You don’t usually find yourself pressed up against a rack of jaw-droppingly expensive down coats to watch the performance of a Faroese electro-pop band—or sitting on your hands to keep them warm while a drummer improvises rhythms to accompany the lilt of poetry being read in an assonant language you don’t understand. Those times you do, it’s at Iceland Airwaves. From its humble beginnings, the festival has challenged the traditional confines of musical performance throughout.
This year, the festival has taken yet another new turn for music by announcing a new collaboration with the German arts organization Urban Nation Berlin. Dubbed WALLPOETRY, the project is series of murals based on the lyrics of some of the artists performing at the festival. With the assistance of Henný María Frímannsdóttir, the project is the brainchild of one Yasha Young, curator of Urban Nation.
Based in Berlin, the non-profit promotes installation and street art amongst international artists. By inviting creators from across the globe to place and exhibit their work on the walls, pillars, and bridges of their city, they aim to transform its urban spaces.
One series of these works is ONE WALL, which aims to engage artists with the specific challenges of Berlin’s more diverse neighbourhoods.
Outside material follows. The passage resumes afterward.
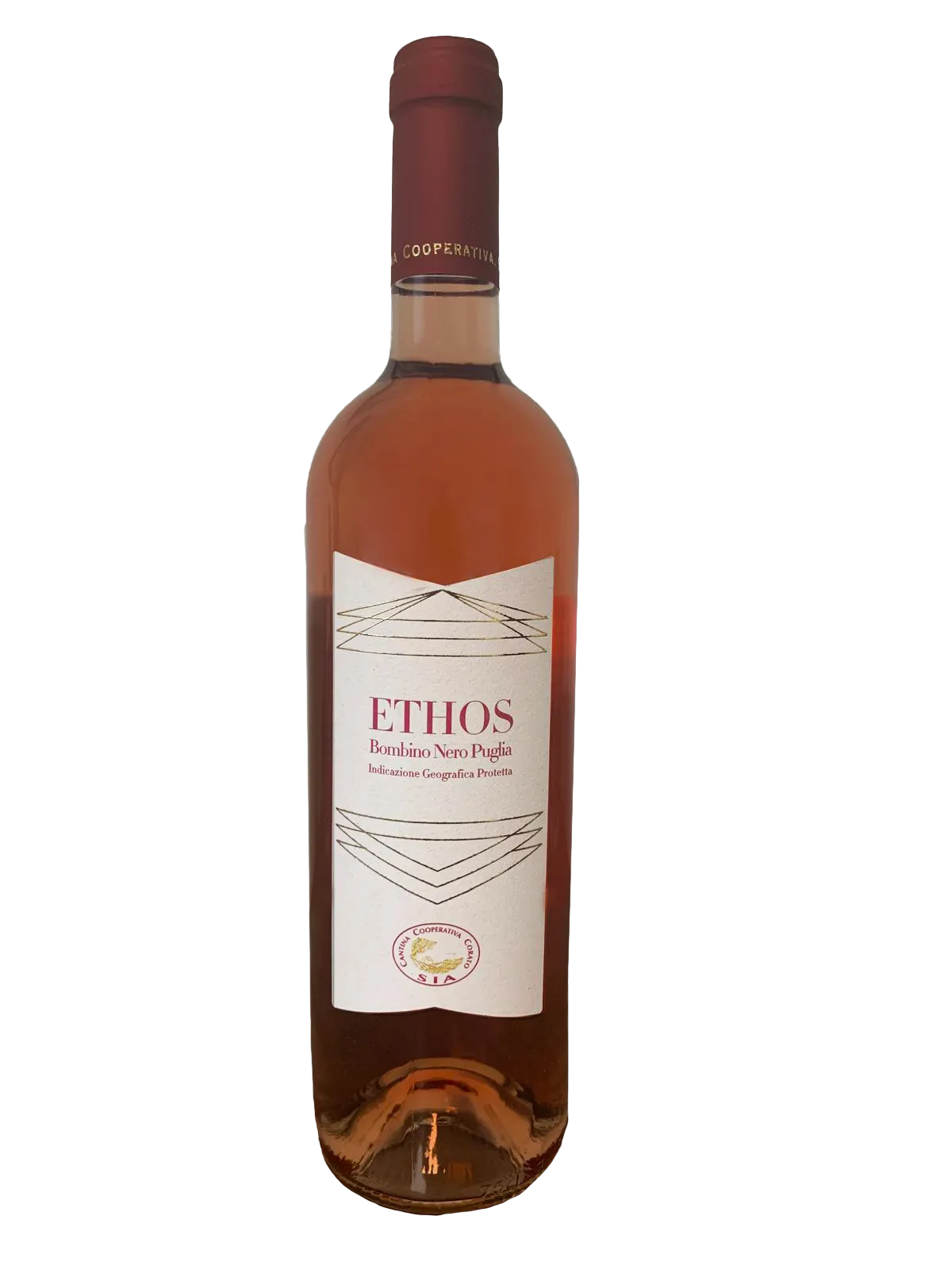 Ethos Bombino Nero Puglia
It started in the outer fringes of the city and is slowly working its way in, “one wall at a time.” Collaborators on this series have ranged from emerging artists to design icons like Shepard Fairey (of Obey Propaganda and Obama’s “Hope” poster fame). Another series, M/, places murals on the walls of buildings under construction, acting as a “creative cocoon” mirroring the inner transformation.
Reykjavík’s own mural series commenced last year when Yasha Young attended Airwaves. Thinking it would be an ideal place to branch out from Berlin, she approached festival director Grímur Atlason with the idea. It’s taken a year of planning and development to connect the musicians to the artists, as well as fourteen days of fighting the wind and rain to install the work, but the results are here to stay. There are even plans to add new work to the collection next year.
The work comprising WALLPOETRY is as visually diverse as the music on which it is based and the architecture which surrounds it. ELLE, an artist known for her images of women and animals, gives us a slightly ‘Where The Wild Things Are’ treatment of Úlfur Úlfur’s “20 og eitthvað.” In her piece, a woman draped in wolf skin rides a wolf and howls at the moon.
Right on Laugavegur, a psychedelic, almost monochromatic wraparound mural by Caratoes of a Valkyriesque woman is styled on “Óður til móður” by Ylja. If the musical inspirations weren’t Icelandic enough for you, British artist D*Face (aka Dean Stockton) has provided a Pop Art reinterpretation of both Agent Fresco and the medieval Laxdæla saga. These are only three of the ten new additions to Reykjavík’s bourgeoning street art collection.
As a part of the collaboration process, many of the musicians involved have been invited to play at the upcoming inauguration of the Urban Nation Museum in Berlin in 2017. But you don’t have to wait that long to appreciate the work at hand. It’s up and available now. The concept was simple: “No entry fees no tickets no opening hours.” The result, however, is beautifully complex.